[Data to use]
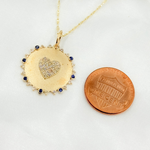 Load image into Gallery viewer, 14K Solid Gold Circle Charm with Heart in the Center in Diamond and Gemstones. GDP524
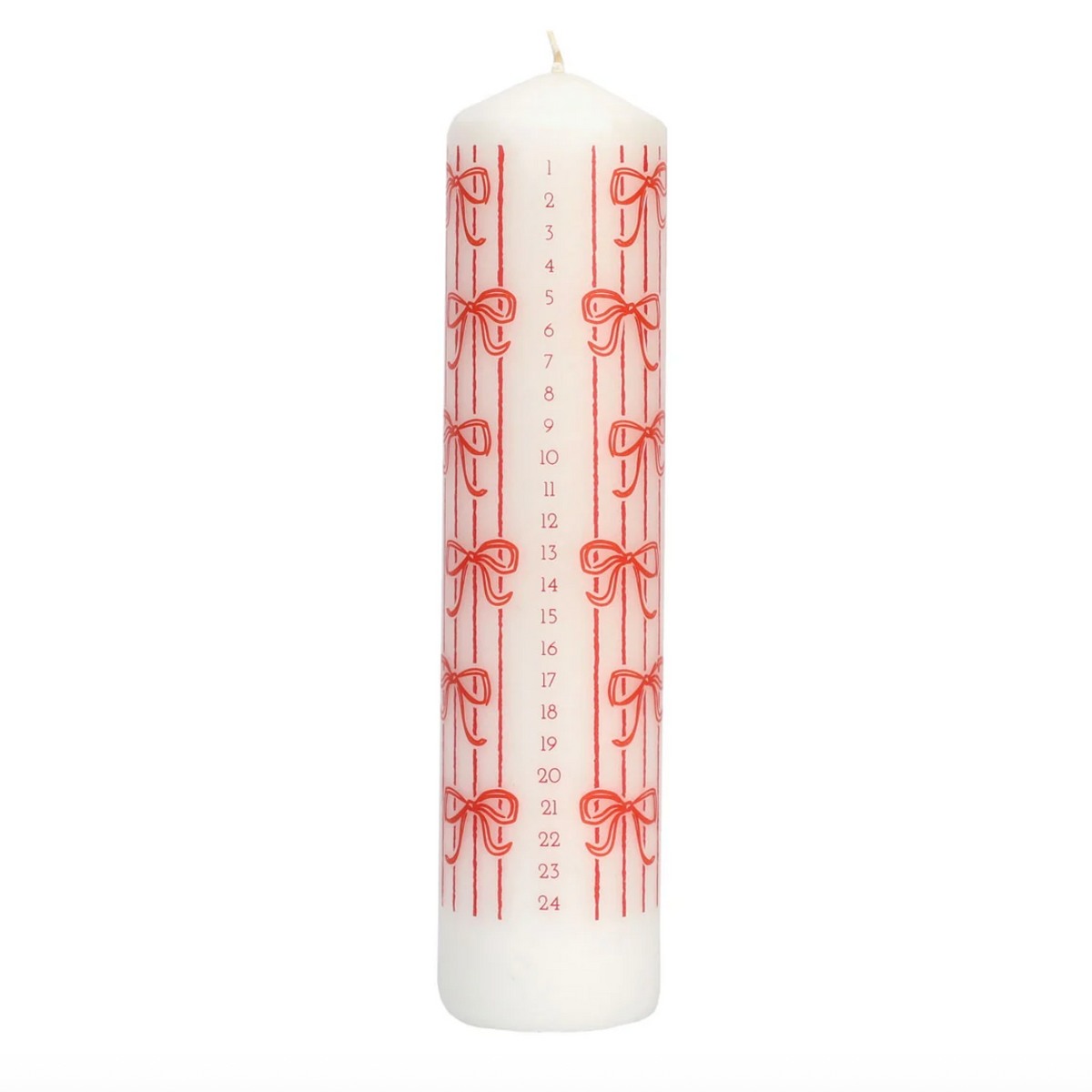 A white advent candle with red vertical stripes, red bows, and numbered days from 1 to 24 printed vertically, shown on a plain white background.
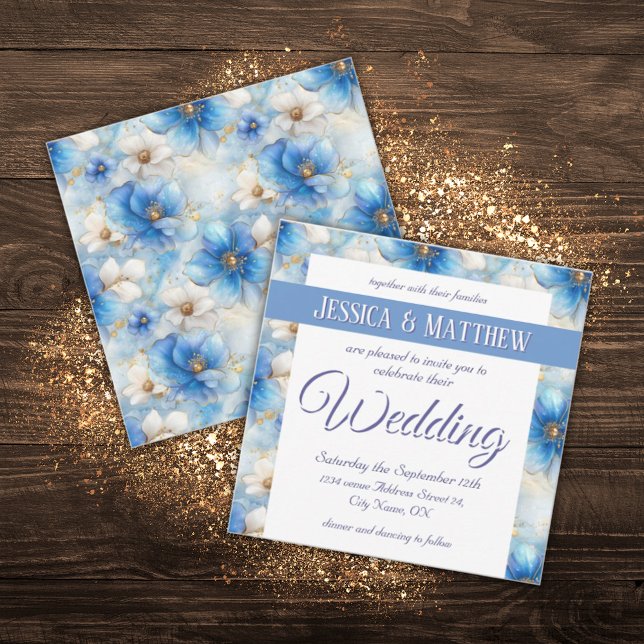 Invitation Motif de fleurs bleues (Créateur téléchargé)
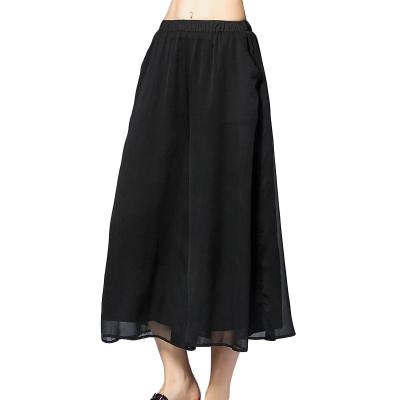 China Anti-pilling high quality and low price customized cropped culottes, polyester fiber chiffon hakama for sale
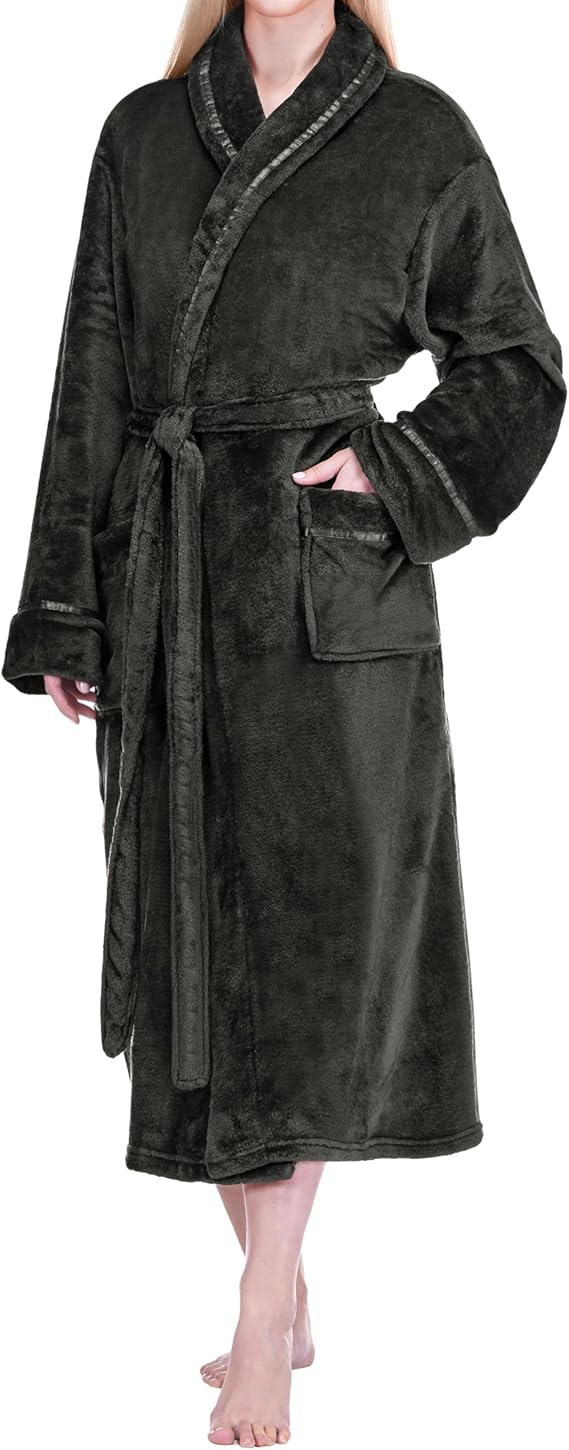 PAVILIA Womens Fleece Robe with Satin Trim, Plush Soft Long Spa Bathrobe, Cozy Shawl Collar Housecoat with Pockets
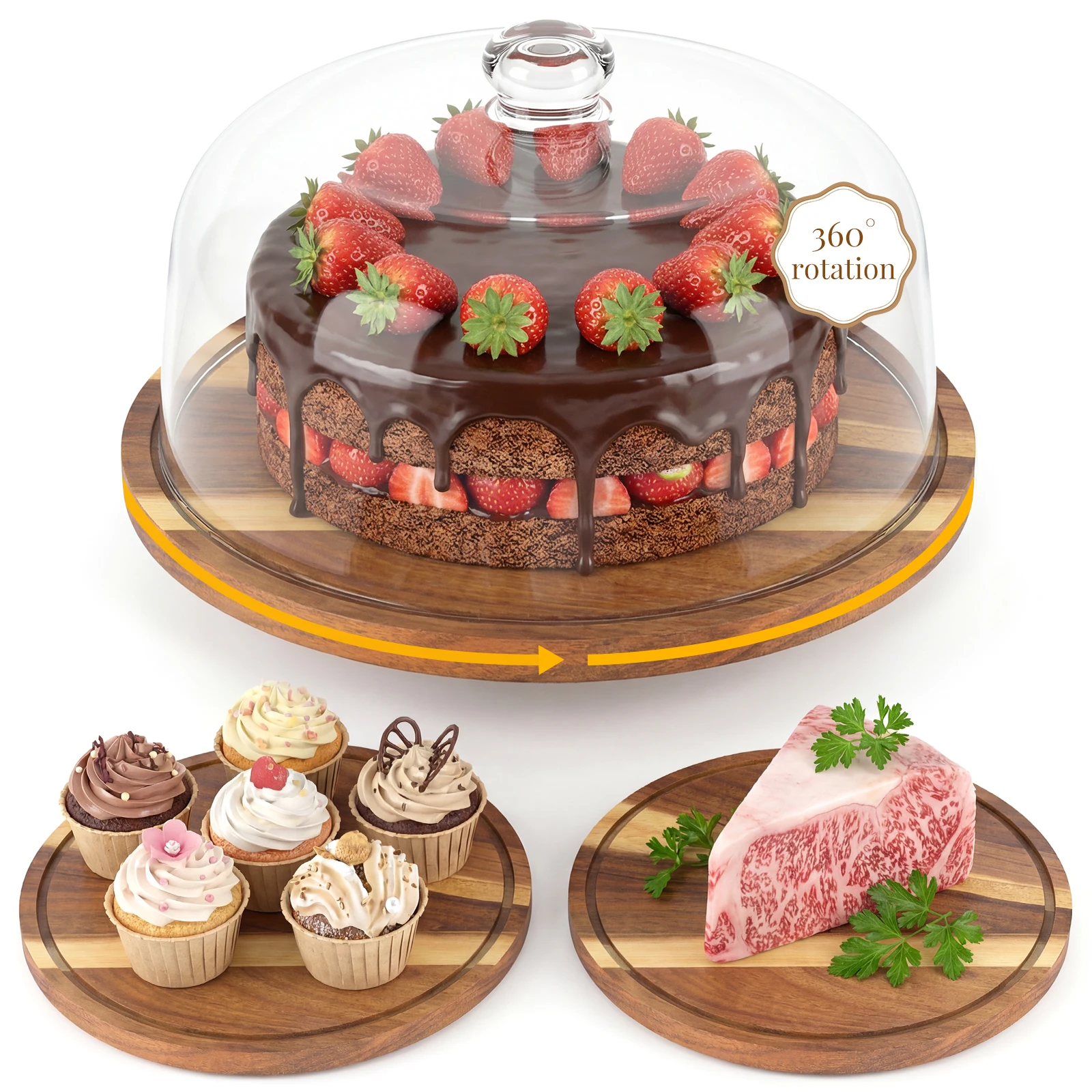 12'' Cake Stand 360° Rotating Cake Plate with Acrylic Cover Multifunctional Bread Dessert Display Stand for Bakery Baking Gadget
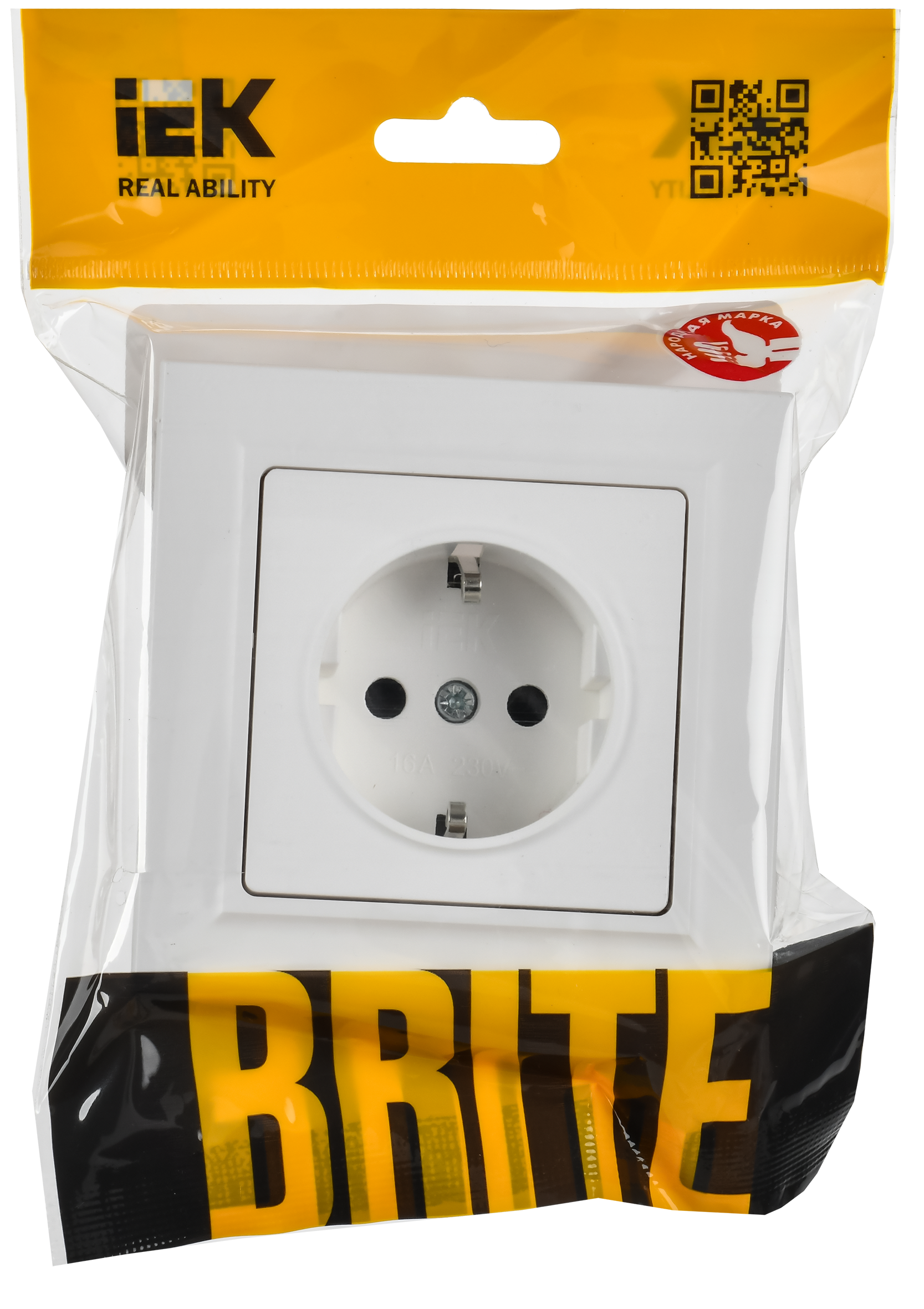 BRITE Розетка 1-местная с заземлением с защитными шторками 16А в сборе РСР14-1-0-БрАБ арктический белый IEK - Фото 2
[/Data to use]
Task requirements –
Retype the whole listing above exactly as written. Skip the pictures.

Completed exercise –
 Load image into Gallery viewer, 14K Solid Gold Circle Charm with Heart in the Center in Diamond and Gemstones. GDP524
 A white advent candle with red vertical stripes, red bows, and numbered days from 1 to 24 printed vertically, shown on a plain white background.
 Invitation Motif de fleurs bleues (Créateur téléchargé)
 China Anti-pilling high quality and low price customized cropped culottes, polyester fiber chiffon hakama for sale
 PAVILIA Womens Fleece Robe with Satin Trim, Plush Soft Long Spa Bathrobe, Cozy Shawl Collar Housecoat with Pockets
 12'' Cake Stand 360° Rotating Cake Plate with Acrylic Cover Multifunctional Bread Dessert Display Stand for Bakery Baking Gadget
 BRITE Розетка 1-местная с заземлением с защитными шторками 16А в сборе РСР14-1-0-БрАБ арктический белый IEK - Фото 2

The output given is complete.